### Recorded data:
——

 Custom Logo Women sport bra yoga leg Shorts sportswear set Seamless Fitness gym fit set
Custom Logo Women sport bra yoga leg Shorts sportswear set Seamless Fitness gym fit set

——

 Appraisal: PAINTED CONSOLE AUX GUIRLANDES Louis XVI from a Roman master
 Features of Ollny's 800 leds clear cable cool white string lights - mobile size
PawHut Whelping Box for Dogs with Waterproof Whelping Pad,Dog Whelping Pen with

——

### What you will do:
Search the listing for the word "Women", and copy every line in which it is found.

### Task result:
 Custom Logo Women sport bra yoga leg Shorts sportswear set Seamless Fitness gym fit set
Custom Logo Women sport bra yoga leg Shorts sportswear set Seamless Fitness gym fit set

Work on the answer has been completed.